Water cannot directly consume from natural resources due to the presence of floating objects, algae, hardness, suspended solids, dissolved gasses, pathogens, taste, odor, or color.

Thus the water treatment is carried out to enhance the quality of the water prior consume.

The general steps of a drinking water treatment plant can describe as follows.

steps of a drinking water treatment plant


The first step of the water treatment process is screening. The collected water is first sent through a bar screen to remove large particles if present in the water. The presence of these coarse solids can cause operational and maintenance problems during the treatment process.

The screens which are operated in a water treatment plant can be classified as follows.

  • Configuration – Bar Screen Mesh Screen
  • Opening Size – Coarse, Fine, Micro
  • Screen Surface – Moving, Fixed
  • Cleaning Method – Manual, Mechanical, Raked, Water Jet

After screening, water flows to the coagulation tank where chemical addition carried out.

Coagulation/ Flocculation

The next step of the water treatment process is coagulation and flocculation. Generally, Aluminum sulfate (alum) added as thickening agents for drinking water treatment. Rapid mixing, while adding coagulant, ensures quick and thorough mixing. The objective of coagulation is to turn the small particles into larger flocks, either as precipitates or suspended particles.

Then a flocculant added to form flocs from the suspended particles. Generally, a polymer added as the flocculating agent. Slow mixing carried out in the flocculating tank to allow the flocs to grow and gain weight. These flocs will be easier to remove by either sedimentation or filtration.

There are several advantages of coagulation and flocculation. It reduces the time required to settle down suspended solids. And also, it is beneficial in removing fine particles, which will be very difficult to remove otherwise. Coagulation is also very useful in eliminating many protozoa, bacteria, and viruses.


The next step of the water purification plant is sedimentation. The chemical added water then sent to a large sedimentation tank where flocs settled at the bottom of the tank, and the clear water from the top is then pass through a filter. Water flows very slowly in the sedimentation tank. Because a slow flow rate is favorable to settle down massive flocs particles to the bottom.


The treated water from the flocculation tank then sent to the filtration. In the filtration process, the particulate matter from the water removed by forcing the water to pass through a porous media.

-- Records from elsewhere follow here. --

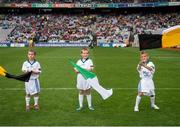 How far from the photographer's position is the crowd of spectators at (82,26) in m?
63.4

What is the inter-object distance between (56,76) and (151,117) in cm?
992

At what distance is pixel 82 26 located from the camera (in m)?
68.1

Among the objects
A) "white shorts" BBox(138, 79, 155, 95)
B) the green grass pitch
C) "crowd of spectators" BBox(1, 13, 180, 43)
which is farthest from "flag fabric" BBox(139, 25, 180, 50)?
"crowd of spectators" BBox(1, 13, 180, 43)

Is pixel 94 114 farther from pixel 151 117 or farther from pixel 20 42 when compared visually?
pixel 20 42

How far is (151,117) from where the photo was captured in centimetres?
1024

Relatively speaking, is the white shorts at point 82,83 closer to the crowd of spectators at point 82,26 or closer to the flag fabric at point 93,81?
the flag fabric at point 93,81

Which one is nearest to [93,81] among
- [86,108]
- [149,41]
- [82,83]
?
[82,83]

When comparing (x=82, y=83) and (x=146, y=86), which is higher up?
(x=82, y=83)

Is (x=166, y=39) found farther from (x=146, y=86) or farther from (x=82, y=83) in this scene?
(x=82, y=83)

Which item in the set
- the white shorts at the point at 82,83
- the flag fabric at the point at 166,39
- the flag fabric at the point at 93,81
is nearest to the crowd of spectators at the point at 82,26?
the white shorts at the point at 82,83

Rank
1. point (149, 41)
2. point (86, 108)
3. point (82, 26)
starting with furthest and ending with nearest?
point (82, 26)
point (86, 108)
point (149, 41)

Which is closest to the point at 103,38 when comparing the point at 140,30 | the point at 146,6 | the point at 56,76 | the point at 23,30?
the point at 140,30

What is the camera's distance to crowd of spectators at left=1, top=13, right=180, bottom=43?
6341 cm

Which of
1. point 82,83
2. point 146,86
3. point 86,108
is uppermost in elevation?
point 82,83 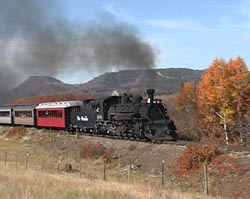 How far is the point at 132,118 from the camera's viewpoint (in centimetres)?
3131

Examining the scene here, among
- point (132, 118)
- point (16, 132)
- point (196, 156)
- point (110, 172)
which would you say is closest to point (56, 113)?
point (16, 132)

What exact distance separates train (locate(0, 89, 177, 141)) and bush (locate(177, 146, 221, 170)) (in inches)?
247

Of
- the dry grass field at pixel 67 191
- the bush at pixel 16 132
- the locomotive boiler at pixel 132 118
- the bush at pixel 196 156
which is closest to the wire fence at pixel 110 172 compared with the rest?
the bush at pixel 196 156

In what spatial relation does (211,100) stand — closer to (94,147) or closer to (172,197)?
(94,147)

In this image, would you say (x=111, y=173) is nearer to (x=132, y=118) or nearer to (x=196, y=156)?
(x=196, y=156)

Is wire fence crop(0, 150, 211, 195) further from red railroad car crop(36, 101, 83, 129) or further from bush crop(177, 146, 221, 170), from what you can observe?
red railroad car crop(36, 101, 83, 129)

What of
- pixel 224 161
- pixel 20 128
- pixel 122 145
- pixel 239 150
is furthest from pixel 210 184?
pixel 20 128

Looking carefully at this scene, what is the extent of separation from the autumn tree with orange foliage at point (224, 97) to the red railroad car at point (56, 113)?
21031 mm

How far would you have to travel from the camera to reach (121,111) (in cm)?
3266

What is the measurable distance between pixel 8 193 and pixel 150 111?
18.8 meters

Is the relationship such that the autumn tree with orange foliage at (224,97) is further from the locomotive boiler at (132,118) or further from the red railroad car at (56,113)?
the locomotive boiler at (132,118)

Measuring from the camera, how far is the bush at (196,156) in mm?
23297

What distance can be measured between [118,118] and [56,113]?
13469mm

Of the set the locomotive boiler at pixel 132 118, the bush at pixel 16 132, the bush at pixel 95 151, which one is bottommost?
the bush at pixel 95 151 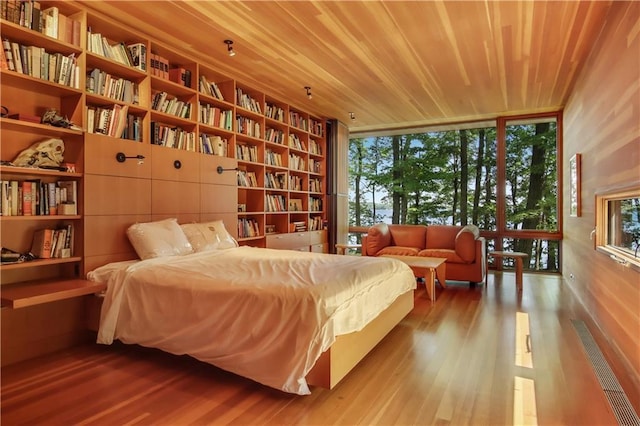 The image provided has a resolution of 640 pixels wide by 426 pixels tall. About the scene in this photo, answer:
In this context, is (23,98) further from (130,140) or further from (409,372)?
(409,372)

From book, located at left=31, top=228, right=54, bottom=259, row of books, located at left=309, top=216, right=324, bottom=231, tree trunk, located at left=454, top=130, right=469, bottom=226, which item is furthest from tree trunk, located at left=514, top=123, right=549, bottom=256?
book, located at left=31, top=228, right=54, bottom=259

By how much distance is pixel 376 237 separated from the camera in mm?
5574

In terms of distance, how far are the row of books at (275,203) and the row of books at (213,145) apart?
39.8 inches

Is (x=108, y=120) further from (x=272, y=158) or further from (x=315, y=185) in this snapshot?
(x=315, y=185)

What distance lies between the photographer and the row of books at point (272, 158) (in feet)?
16.6

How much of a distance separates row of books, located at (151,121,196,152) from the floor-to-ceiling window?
4.55m

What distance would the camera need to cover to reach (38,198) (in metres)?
2.61

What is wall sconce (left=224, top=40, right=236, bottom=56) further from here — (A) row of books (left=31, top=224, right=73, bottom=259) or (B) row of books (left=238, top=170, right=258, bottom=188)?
(A) row of books (left=31, top=224, right=73, bottom=259)

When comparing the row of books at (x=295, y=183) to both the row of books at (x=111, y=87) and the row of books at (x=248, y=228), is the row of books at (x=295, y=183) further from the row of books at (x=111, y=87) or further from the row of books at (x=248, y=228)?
the row of books at (x=111, y=87)

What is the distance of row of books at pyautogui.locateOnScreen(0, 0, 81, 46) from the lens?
2.45 m

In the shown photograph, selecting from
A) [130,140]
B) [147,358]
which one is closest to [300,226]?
[130,140]

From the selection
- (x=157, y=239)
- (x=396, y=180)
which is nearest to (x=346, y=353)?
(x=157, y=239)

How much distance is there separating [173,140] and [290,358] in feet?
8.78

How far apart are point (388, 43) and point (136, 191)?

The particles that removed from the water during filtration depend upon the size of filters that used. These filters can be varying according to the composition (Sand, Granular, Activated Carbon), as well as the pore size.

Suspended impurities in the water collected by filtration and enhance the effectiveness of the disinfection. The filters frequently cleaned by backwashing to maintain a productive output from the filter media.

Though filtration can remove a large number of contaminants in a water treatment plant, disinfection is a must to produce drinking water, which is safe to consume.


The final step of the drinking water treatment process is disinfection. Disinfection is the destruction or inactivation of harmful microorganisms (pathogenic organisms) in water. It can do either using a chemical method or a physical method such as UV radiation, reverse osmosis, or chlorination.

The most commonly used disinfection method is chlorination, as it is a very effective disinfection method. Chlorine is a potent oxidizing agent. It reacts, oxidizes some of the essential systems of microorganisms, and then inactivates or destroys them. The residual concentrations of the chlorine will prevent possible microbial contamination during the water distribution system.

Then the treated water collected to the distribution tank after disinfection, which connected to the distribution system.

The quality of the treated water should always monitor before distribution by considering the parameters such as pH, temperature, turbidity, color, alkalinity, hardness, suspended solids, etc.